Miguel Graziano concluye su libro con ésta semblanza: «A los 77 años, con todo lo que había pasado, con todas las condiciones adversas que sufrió, López era un tipo tierno y cálido, como un chico grande, divertido. El secuestro, la cárcel y la tortura, no lo hicieron envejecer de una manera triste, tenía ganas de seguir, de impulsar, de juzgar a los genocidas… Sobrevivir fue su primer acto de resistencia. Cuando salió en libertad, sufrió el silencio. Temió que lo ocurrido fuera olvidado y escribió su historia, casi sin tachaduras, en el revés de las bolsas de cal y de cemento, los almanaques o las boletas municipales. Cualquier papel con un espacio en blanco le servía para dejar una huella que otros pudieran seguir. Declaró con valentía en el Juicio por la Verdad y fue querellante en el juicio a Echecolatz. Participó de los reconocimientos legales de los centros clandestinos en los que estuvieron detenidos y esperaba que se hiciera justicia. Tenía una gran expectativa. Ya no hablaba a borbotones, como cuando nadie lo escuchaba, estaba más calmo, liberado. Lo que guardó durante tantos años en su memoria tomó sentido con su última declaración. Sabía que corría algún peligro».

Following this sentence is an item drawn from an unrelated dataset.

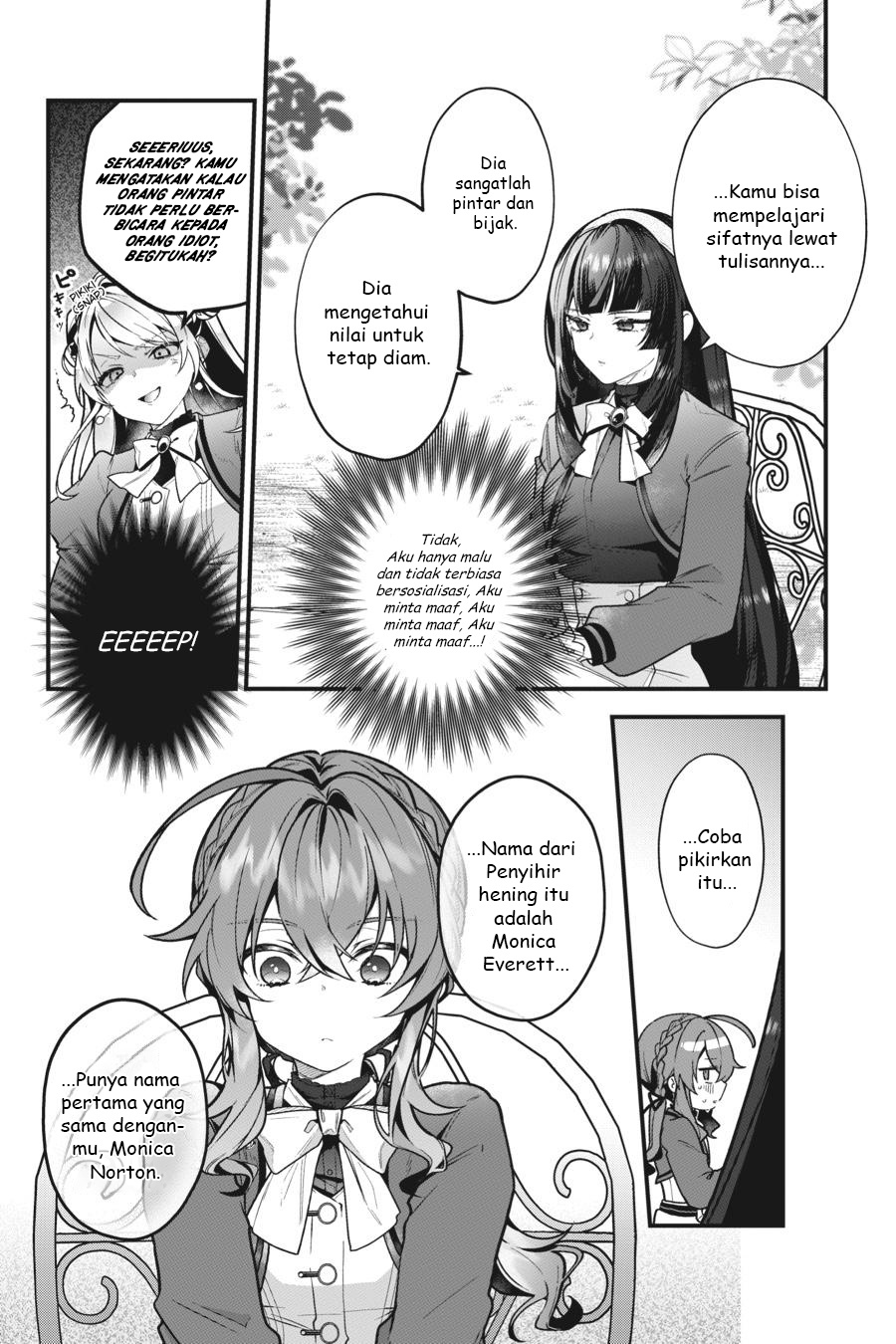 Silent Witch Chinmoku no Majo no Kakushigoto Chapter 17 Bahasa Indonesia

«Me van a matar, pero yo soy peronista y a estos hijos de puta me los llevo conmigo», dijo después de declarar, mientras se abrazaba con sus compañeros, sus hijos y su sobrino… En la última aventura de su vida, entre la noche del domingo 17 y la madrugada del lunes del 18 de septiembre, le abrió la puerta a la muerte. Salió de su casa con borceguíes y con un cuchillito de hacer los menesteres. Se lo llevaron. Hoy falta y nada más, pero se puede recuperar su herencia y exigir justicia».